Explore more of Edinburgh International Film Festival 2023

Edinburgh International Film Festival, this year hosted by the Edinburgh International Festival, has announced more information about guests involved in its Encounters discussion sessions, along with details about this year’s Curate-It programme:

Encounters

A chance for audiences to go deeper into the EIFF programme in a series of creative conversations with filmmakers and guests. Taking the talk beyond the post-screening Q&A, the Festival is proud to present a series of generous and expansive discussions about some of the ideas bubbling away in this year’s film selection.

Each session will feature BSL interpretation, and tickets are priced as Pay What You Can, £6 / £4 / £2.

Visit eif.co.uk/edfilmest for speaker biographies and full details of contributors.

Encounter 1: Casual Intimacy  

Sunday 20 August 14:15-15:45 Everyman 3 [BSL]

What does it take to make a film about somebody else, or about your own lived experience? How much can you really know about a person or character through the act of filming them? The panel of creatives from across film, literature and performance will explore crafting intimacy in storytelling.

Speakers will include the co-directors of queer revenge thriller FemmeSam H. Freeman and Ng Choon Ping, writer and performer Colm McCready (whose show Scaredy Fat is playing at this year’s Fringe), author Kirsty Logan (The Unfamiliar: A Memoir of Queer Motherhood) and filmmaker Ella Glendining (Is There Anybody Out There?)  

Encounter 2: Creative Survival  

Monday 21 August 16:30-18:00 Everyman 3 [BSL]

Survival as an artist is a question of resilience. How do we make work without sacrificing ourselves or others? A panel of multidisciplinary creatives convenes to discuss how to keep on making art when everything seems stacked against artists.

Author and critic Katie Goh (The End), author and agency founder Nikesh Shukla (The Good Immigrant, Brown Baby), author and filmmaker Guy Gunaratne (Mister Mister), author and screenwriter Huw Lemmey (Ungentle, Bad Gays) and filmmaker Paris Zarcilla (Raging Grace).  

Encounter 3: Defining Belonging  

Tuesday 22 August 16:30-18:00 Everyman 3 [BSL]

The sense (or absence) of belonging permeates this year’s most powerful works. How do we shape stories about fitting in, or standing out? Babak Jalali, director of Fremont, the EIFF Closing Night film, joins author Heather Parry (Orpheus Builds a Girl, This Is My Body, Given For You) and writer and editor Anahit Behrooz (BFFs) to discuss how the exploration of belonging has informed their work, and what makes these stories feel so universal.  

Curate-It online film programmes

Edinburgh International Film Festival (EIFF) and Curate-It have once again partnered to showcase the work of new curators based in Scotland. Curate-It is an innovative new digital training application developed, with support from Screen Scotland, to provide users with the information and skills needed to implement their own film screening events.

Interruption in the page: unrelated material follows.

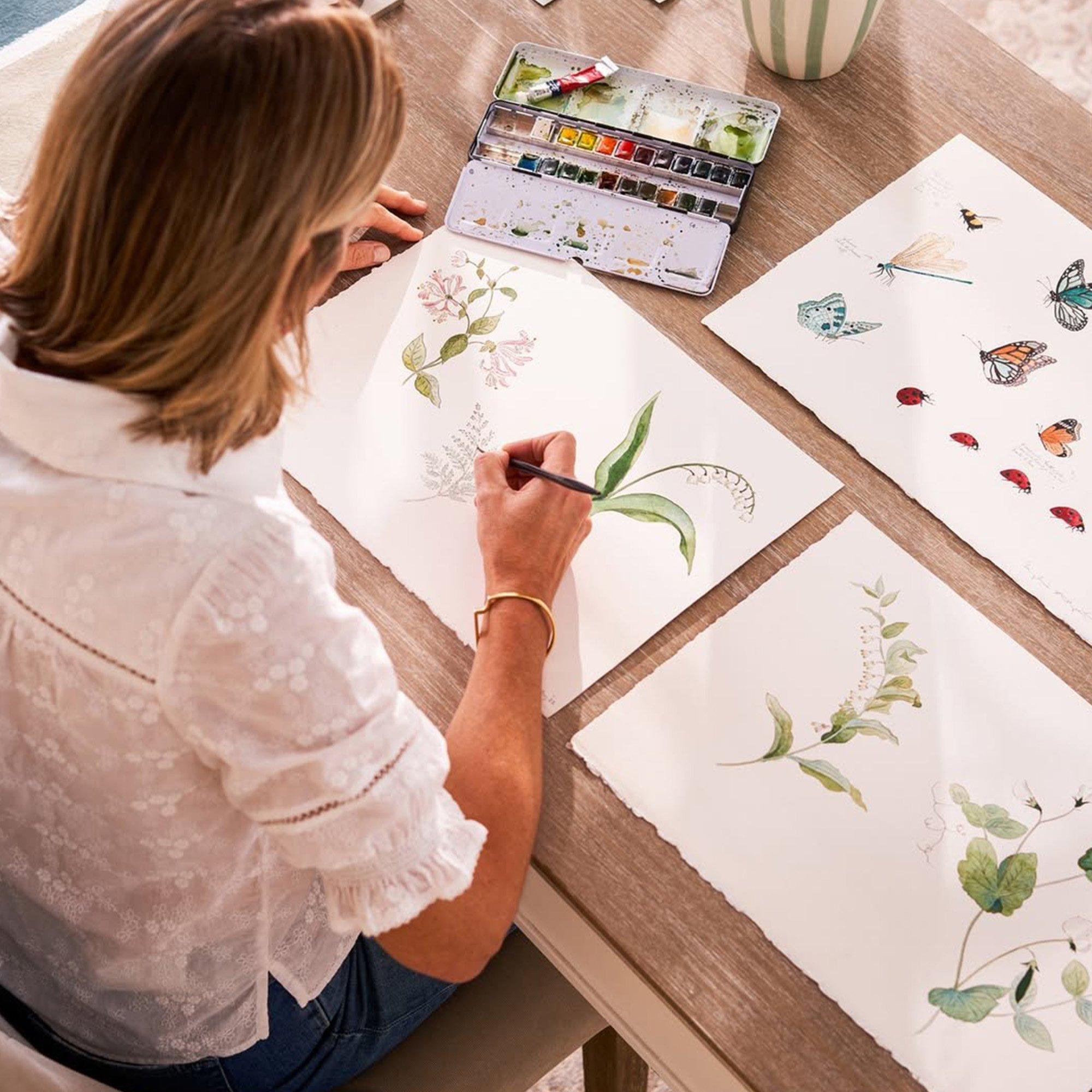 Pale Mint - Sophie Allport - Wild Floral Wallpaper - 5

The platform has been designed to actively ensure that knowledge of film curation is easily accessible within the digital space and is focused on providing access to curatorial talent from backgrounds that are underrepresented in the film sector.

As part of this year’s edition, Edinburgh International Film Festival (EIFF) and Curate-It offered two fellowships to early career curators and programmers working in Scotland. Beulah Ezeugo and Zainab Ashraf have undertaken the Curate-It course and are each presenting a programme of events. 

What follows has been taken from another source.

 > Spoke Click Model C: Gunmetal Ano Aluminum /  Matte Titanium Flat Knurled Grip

no gaze or hand can hold you there

From 19:00 Friday 18 August

Curator Beulah Ezeugo presents a programme that centres on 20th-century photography through the black gaze. The selected films invite audiences to examine the importance of visual agency and how the ability to represent oneself can become means for salvation, for revelation, for pleasure, for exposure, or for emergence.

Heritage Withheld.

From 19:00 Monday 21 August

Curator Zainab Ashraf invites viewers to look at the importance of heritage. Juxtaposing work from filmmakers working in Scotland and Palestine, the programme explores forms of resilience where an aspect of heritage is withheld.

Each Curate-It programme will be available for audiences to watch for free for 72 hours on Curate-It’s VoD platform Screen-it.

Curate-It Project Director, Justine Atkinson said: “It is always such a privilege to guide and witness curatorial ideas take form and flourish, and I’m so delighted this was once again possible through the EIFF x Curate-It collaboration.

“The programmesthat Beulah and Zainab curated allow audiences to navigate interesting and poignant subject matter through distinctively formed cinematic journeys. We are so looking forward to sharing them with you all’’.

The 2023 EIFF & Curate-It Curatorial Fellowship is supported through the Scottish Government’s Festivals Expo Fund. View the full programme details here.

Edinburgh International Film Festival runs from Friday 18 to Wednesday 23 August.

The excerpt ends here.